Red wine and chocolate cannot compare to an evening of chamber music at the Museum of Natural History’s charming Fleischmann Auditorium. Under Tuesday night’s starry sky, the Santa Barbara Chamber Orchestra put on a lovely program featuring conductor Heiichiro Ohyama on the viola.

The first piece, Felix Mendelssohn’s dreamy Piano Quartet No. 2 in F minor, enchanted with sweeping melodies and rhythmic delicacy. Violinist Sooah Kim’s tender touch is commendable, her unrestrained performance indicative of love’s turbulence. Cellist Paula Fehrenbach’s talents were both moving and praiseworthy, her bow comparable to Cupid’s arrow. Calm and dignified, pianist Yi Dong steadied the emotive voices of his fellow players as Mendelssohn’s musical love letter unfolded.
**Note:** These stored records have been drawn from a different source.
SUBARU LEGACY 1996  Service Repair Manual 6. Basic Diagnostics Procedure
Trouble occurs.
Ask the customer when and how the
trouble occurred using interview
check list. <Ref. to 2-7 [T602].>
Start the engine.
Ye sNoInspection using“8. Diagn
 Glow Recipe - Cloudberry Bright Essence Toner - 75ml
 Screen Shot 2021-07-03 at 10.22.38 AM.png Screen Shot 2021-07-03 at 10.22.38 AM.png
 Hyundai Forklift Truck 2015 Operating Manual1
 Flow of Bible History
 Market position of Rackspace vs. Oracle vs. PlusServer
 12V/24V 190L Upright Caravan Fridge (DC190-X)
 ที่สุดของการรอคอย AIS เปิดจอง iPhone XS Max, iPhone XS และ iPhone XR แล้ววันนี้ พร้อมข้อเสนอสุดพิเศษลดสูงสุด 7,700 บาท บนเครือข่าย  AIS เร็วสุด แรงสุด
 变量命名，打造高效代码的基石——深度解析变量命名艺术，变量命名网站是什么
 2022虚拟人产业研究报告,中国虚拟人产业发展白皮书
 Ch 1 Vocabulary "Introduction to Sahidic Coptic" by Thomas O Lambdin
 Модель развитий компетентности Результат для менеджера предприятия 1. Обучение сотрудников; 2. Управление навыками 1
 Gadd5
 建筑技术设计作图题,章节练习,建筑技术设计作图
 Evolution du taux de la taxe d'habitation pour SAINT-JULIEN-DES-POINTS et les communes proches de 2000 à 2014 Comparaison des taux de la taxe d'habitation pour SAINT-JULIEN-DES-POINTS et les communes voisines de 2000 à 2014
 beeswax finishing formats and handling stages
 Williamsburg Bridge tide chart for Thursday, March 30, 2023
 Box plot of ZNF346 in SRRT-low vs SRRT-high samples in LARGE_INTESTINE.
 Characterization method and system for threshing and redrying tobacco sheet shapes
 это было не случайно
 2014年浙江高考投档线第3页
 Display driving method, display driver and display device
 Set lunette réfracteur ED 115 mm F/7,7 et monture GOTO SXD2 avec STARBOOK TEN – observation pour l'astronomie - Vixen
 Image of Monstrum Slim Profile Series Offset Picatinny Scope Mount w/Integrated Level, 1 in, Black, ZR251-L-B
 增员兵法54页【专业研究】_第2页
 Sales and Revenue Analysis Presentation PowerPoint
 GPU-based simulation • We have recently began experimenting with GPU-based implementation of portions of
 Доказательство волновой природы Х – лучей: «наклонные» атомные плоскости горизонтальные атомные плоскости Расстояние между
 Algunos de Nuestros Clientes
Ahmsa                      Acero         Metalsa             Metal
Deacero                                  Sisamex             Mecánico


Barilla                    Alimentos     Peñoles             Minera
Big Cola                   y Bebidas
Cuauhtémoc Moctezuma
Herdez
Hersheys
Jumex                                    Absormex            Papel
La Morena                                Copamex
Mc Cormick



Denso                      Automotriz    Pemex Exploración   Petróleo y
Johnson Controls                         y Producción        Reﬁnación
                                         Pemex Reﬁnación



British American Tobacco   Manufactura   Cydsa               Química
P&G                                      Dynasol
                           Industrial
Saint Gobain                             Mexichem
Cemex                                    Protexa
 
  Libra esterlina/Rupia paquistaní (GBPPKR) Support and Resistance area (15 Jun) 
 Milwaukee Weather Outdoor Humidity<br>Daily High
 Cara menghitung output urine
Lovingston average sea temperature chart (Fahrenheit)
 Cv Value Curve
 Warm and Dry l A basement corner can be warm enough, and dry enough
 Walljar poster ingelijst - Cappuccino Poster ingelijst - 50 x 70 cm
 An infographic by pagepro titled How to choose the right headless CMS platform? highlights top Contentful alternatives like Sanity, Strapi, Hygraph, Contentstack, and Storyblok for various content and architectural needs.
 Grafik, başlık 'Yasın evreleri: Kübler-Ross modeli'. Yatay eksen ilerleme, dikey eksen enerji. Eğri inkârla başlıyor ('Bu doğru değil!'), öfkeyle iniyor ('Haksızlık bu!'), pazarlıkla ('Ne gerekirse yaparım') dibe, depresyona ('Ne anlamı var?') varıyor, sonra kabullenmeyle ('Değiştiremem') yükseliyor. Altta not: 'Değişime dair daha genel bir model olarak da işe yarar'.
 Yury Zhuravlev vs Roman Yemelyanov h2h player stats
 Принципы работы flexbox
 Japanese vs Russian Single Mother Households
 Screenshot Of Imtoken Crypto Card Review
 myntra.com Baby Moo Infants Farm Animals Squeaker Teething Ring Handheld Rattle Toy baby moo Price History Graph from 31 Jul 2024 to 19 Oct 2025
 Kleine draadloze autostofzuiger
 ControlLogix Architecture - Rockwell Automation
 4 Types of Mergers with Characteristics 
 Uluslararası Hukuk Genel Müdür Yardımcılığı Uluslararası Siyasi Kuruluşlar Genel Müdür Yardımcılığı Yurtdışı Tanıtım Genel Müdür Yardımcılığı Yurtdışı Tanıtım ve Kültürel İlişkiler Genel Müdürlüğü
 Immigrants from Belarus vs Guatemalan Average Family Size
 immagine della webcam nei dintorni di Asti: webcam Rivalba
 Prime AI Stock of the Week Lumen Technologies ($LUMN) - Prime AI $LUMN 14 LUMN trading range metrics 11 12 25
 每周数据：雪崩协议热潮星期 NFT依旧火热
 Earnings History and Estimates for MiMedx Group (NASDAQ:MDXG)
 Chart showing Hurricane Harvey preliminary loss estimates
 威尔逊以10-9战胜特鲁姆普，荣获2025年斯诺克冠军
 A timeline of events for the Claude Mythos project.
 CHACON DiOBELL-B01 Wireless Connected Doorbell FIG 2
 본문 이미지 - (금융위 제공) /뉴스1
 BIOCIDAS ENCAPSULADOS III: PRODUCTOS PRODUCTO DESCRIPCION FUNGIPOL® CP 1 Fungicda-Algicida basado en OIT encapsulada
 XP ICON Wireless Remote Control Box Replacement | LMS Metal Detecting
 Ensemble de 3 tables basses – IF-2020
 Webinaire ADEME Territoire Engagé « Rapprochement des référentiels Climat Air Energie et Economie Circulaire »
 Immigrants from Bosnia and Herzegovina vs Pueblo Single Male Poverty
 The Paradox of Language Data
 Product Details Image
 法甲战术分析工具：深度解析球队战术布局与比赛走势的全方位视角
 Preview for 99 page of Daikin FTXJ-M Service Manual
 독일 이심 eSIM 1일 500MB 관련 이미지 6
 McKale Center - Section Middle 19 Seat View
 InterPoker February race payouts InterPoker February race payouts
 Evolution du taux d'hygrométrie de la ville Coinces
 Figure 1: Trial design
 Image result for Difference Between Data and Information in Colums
The program’s cerebral second half featured Robert Schumann’s amorous Dichterliebe, a song cycle of 16 pieces paired with the influential poetics of Heinrich Heine’s Lyrisches Intermezzo. UCSB drama professor Simon Williams narrated the song cycle’s verbalisms with delicate theatrics to the meditative sounds of viola and piano, illustrating a timeless love story. A testimony to the intimate relationship between literature and music, the concert was an enlightening Valentine’s Day experience that satisfied all the couples in the audience, and lovers of music and poetry alike.